By Richie Unterberger

A beguiling mixture of pop-rock, poetry, comedy, and a touch of psychedelia, McGough & McGear was nonetheless almost totally overlooked upon its release in the spring of 1968. The presence of some of the biggest rock stars of the era didn't help that much, as contractual complications prevented their contributions from being credited at the time. More than forty years later, this CD gives the album its first US release, and properly acknowledges the presence of Paul McCartney and Jimi Hendrix, among several other luminaries.
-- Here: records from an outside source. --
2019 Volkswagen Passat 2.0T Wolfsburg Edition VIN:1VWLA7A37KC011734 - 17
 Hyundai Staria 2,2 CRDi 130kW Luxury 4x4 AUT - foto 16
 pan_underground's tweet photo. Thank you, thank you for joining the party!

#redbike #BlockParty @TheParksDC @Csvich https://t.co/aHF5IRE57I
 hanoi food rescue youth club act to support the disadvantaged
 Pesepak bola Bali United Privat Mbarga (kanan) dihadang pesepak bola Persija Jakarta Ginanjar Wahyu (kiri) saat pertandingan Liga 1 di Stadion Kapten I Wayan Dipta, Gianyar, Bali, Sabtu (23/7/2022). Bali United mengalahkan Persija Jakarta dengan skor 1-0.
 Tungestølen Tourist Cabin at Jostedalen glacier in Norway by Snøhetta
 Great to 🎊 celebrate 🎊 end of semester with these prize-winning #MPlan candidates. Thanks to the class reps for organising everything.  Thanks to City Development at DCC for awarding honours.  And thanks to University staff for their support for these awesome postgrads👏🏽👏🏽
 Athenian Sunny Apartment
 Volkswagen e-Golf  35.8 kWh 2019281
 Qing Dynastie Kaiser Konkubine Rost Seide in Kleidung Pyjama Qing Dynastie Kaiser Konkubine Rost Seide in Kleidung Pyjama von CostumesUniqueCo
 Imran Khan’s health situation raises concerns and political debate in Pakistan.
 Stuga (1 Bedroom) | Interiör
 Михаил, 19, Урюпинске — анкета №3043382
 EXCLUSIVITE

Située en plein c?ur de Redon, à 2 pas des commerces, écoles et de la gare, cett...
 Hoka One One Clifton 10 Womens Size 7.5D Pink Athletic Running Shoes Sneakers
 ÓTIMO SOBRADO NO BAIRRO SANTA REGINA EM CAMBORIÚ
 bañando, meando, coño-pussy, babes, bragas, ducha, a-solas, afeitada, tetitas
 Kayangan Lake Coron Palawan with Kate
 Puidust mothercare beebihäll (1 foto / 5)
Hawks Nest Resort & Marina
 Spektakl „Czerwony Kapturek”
    The heart of the album, however, was very much the duo of Roger McGough and Mike McGear, who with John Gorman had formed the comedy act Scaffold in Liverpool. After gaining wider recognition as regulars on the television show Gazette, they moved into whimsical comedy-pop as a recording act for Parlophone Records in 1966, with George Martin serving as producer. After a couple hitless singles, poet McGough and McGear (aka Mike McCartney, younger brother of Paul) began work on a pop-and-poetry-oriented album of their own.

    Scaffold became known in the UK, explains Roger, because of their "success as essentially a wacky comedy band, whereas prior to that we played mainly in theaters as a poetry/satire spoken word trio. This LP was a return to our poetic roots in a sense, with John, who was very much a comic actor, not involved." Adds Mike, "John was a comedian; you just looked at him, and you laughed. We thought, should we try and do something different?"

    When the sessions began on June 18, 1967, notes Mike, "it was just a selection of song ideas that had been done with me collaborating with Roger McGough. I don't think we had a name for it then." Accompanying them to the studio of Beatles publisher Dick James was Mike's older brother Paul, who that very day was celebrating his twenty-fifth birthday in the most hectic of circumstances. "That day our kid [the Liverpudlian term for one's brother or sister] had the word gone out that he had slipped some LSD into a drink and imbibed it," remembers Mike. "So the world's media was waiting for us as we left his house in London. Because our kid was being exposed as taking LSD, there is all the media watching this vicious drug-taker and his younger brother – 'ha, we gotcha!' And they're rolling their cameras.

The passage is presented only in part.